Step 2, be prepared to spend A LOT on con prep. Give a little, get a little. Give a lot, GET A LOT BACK. I seriously spend around $3-4k per convention on posters, and table fees, and travel expenses, and merchandise. Going to conventions is not cheap by any means. I suggest starting locally and tackle smaller cons as large cons require lots of money and lots of preparation.
Step 3, over prepare! Never think you have enough of anything because you are probably wrong. Think you'd be good with 5 posters? Make it 10! Double what ever you think might be a good amount to have. Reason being, what happens if it's stupidly popular and you sell out on day one because you didn't make enough? I'll tell you, you lose potential money! If you're like me and you depend on conventions to pay for school then losing out on some money you could be earning can be devastating! Trust me I know, I could barely afford to breathe a few years back because I screwed up at Anime Expo.
Step 4, expect to do horribly your first year. I was fortunate and broke even my first con going year but most people do not! It takes a while to learn what to sell, how much to sell, and when to sell. I've kind've got the rhythm of the cons going right now and my original artwork and characters by some miracle of god sell better than my fanart so I know to stock up twice as much of my own work in comparison to my fanart. So for those that think I only make money off fanart, YOU ARE SO WRONG! In fact Mercrutio charms are worth m ore than gold at most cons and so are my OC prints. This is every artists dream, and I could not be happier. This only became true this last year though! It took me 4 years prior to improve my skills and find what I'm really good at, so don't give up!
Step 5, I know I said conventions are expensive but be smart with your money. If you only have $500 to your name do not for the love of god spend it all on con prep because you might not make it back. I'd say spend at least $100 on prints and possibly bookmarks. Its a cheap and easy way of entering the world of cons, don't worry about buttons and fancy charms and other doo-dads until you've been around the block a few times. Sure the other stuff seems to make more money but I spend $2000 at least on charms every time I make an order and I make several orders a year. Why do you think that company loves me so much lol! That's all the advice I can offer on conventions, good luck in your adventures!

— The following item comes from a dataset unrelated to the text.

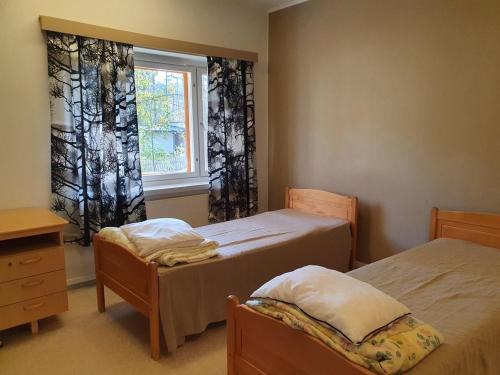 - une chambre avec 2 lits et une fenêtre dans l'établissement Hostelli Kotiranta, à Lieksa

Business talk! It's all about never breathing! With a business you can take all the vacation days you like, the only downside is vacations do not exist. If you are trying to run your own business like I am, you are the CEO, the secretary, the office dude with coffee, the mail person, and the customer service. You eat, sleep, and breathe with your phone. If items get ordered it's up to you to get them out to the customer! Something broke? You better fix it yourself! I have to keep up inventory, order new supplies, order new stock, locate and communicate with suppliers, keep track of my expenses, respond to customers, manage and keep track of every single order made, manage my website, market my products, research what products are popular, design new products, create new products, get rid of old products, put together and make all items, pack and ship all orders, deal with the evil that is the package losing post office, spend tons of money on postage and supplies, and drink coffee. All while attending an very work intensive art school and figuring out how to pay rent while still being able to eat! My business pays just enough for me to pay my ridiculous $35k a year tuition. Does not leave a lot of room for food, but ramen is my best friend and so is home cooking. I am the thriftiest person you will ever meet and the worlds greatest sales shopper. I know how to get my art supplies at %50 off every time. So the first and only rule about business, you have to be determined and you have to be smart about it! Is very hard, but I prefer working endless hours on something I created and grew myself rather than mindlessly flipping burgers like my piers. I will continue to work hard at my dreams and so should you.
That is all the advice I can offer, good luck with your future escapades!